How do you fix it? It was inside of a component this time and occurred when I combined a face that was split by deleting a line that separated them. When I delete the face, multiple faces that are behind other lines also disappear. As for are I know all lines are on the same plane. Still trying to understand how to fix and avoid future occurrences.

You will normally get z-fighting when you put a group/component onto a face.
What happens is the face in the group tries to occupy the same point in 3d space that the single face is occupying.
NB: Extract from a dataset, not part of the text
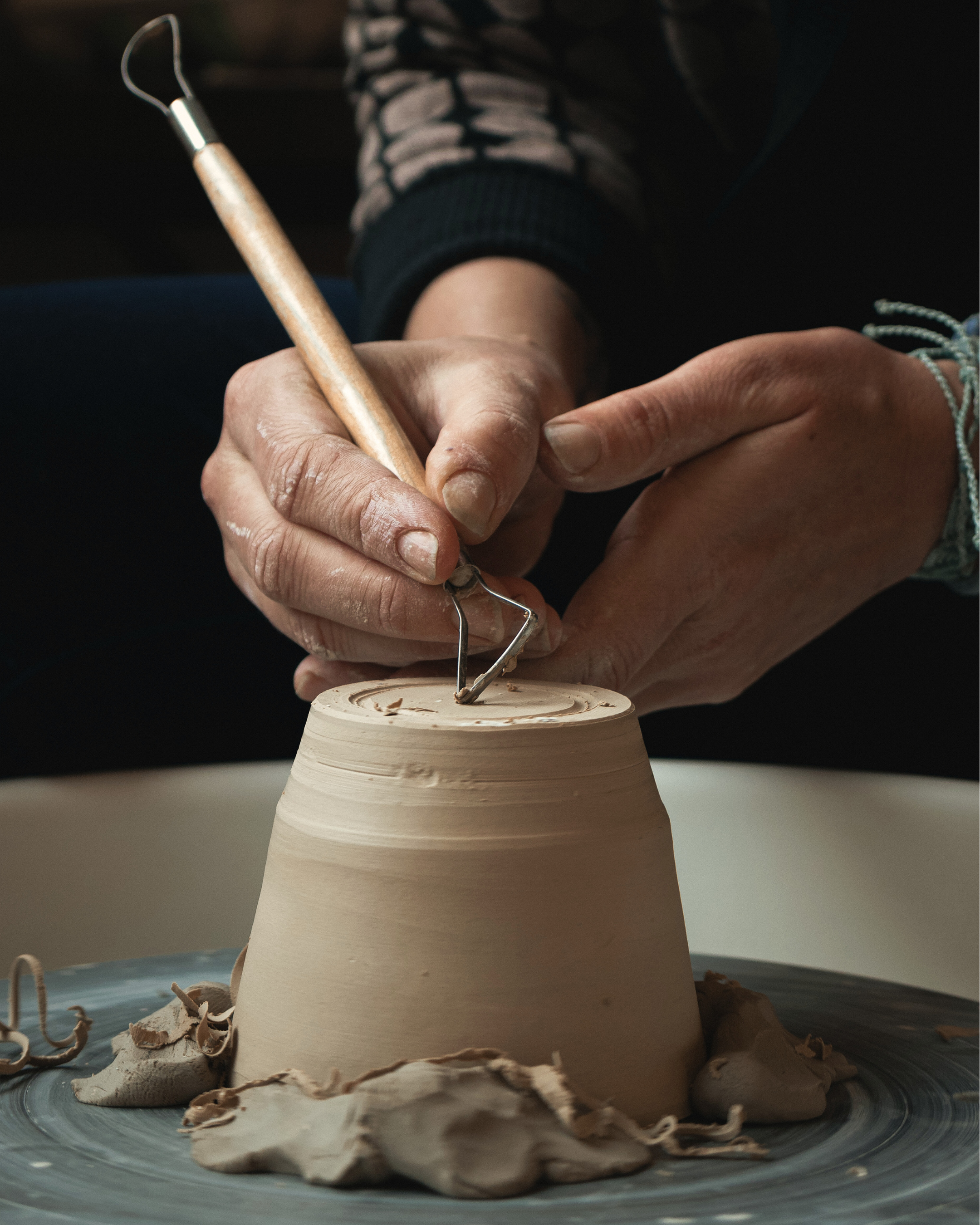 Hands shaping a clay pot on a pottery wheel with a tool.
This causes your computer’s graphic system to show one and then the other which makes the flickering double colour effect.
Even two groups together will get it, it is the nature of the beast.
Things in 3d do not work like they do in 2d, you can’t say something is in front of something else, you need to physically place it in front.
A simple example for you, make two cubes and place them touching, then go inside and see what happens to the two touching faces.
So in situations where it happens and you don’t want to see it you need to either remove one of the faces or put some space between them.
As for multiple faces disappearing it sounds like when you deleted the edge you may have deleted a group or component or in some other way altered the geometry, without see the model we can only guess.
Feel free to add your model so we can be more specific.

Box,

Thanks for the detailed clarification on this - it does make sense in the situation of grouped items touching the same space. It is helpful to know the cause in working through this. The model had since been altered and was no longer acting up. I like that groups don’t auto-join each other. Especially when working with lines that intersect roof to wall sections, is there a way to specify “on-top, front or back” placements within a model? It no longer sounds like a user error problem, but it certainly an annoyance, especially when adding materials to an elevation to showcase proposals to clients.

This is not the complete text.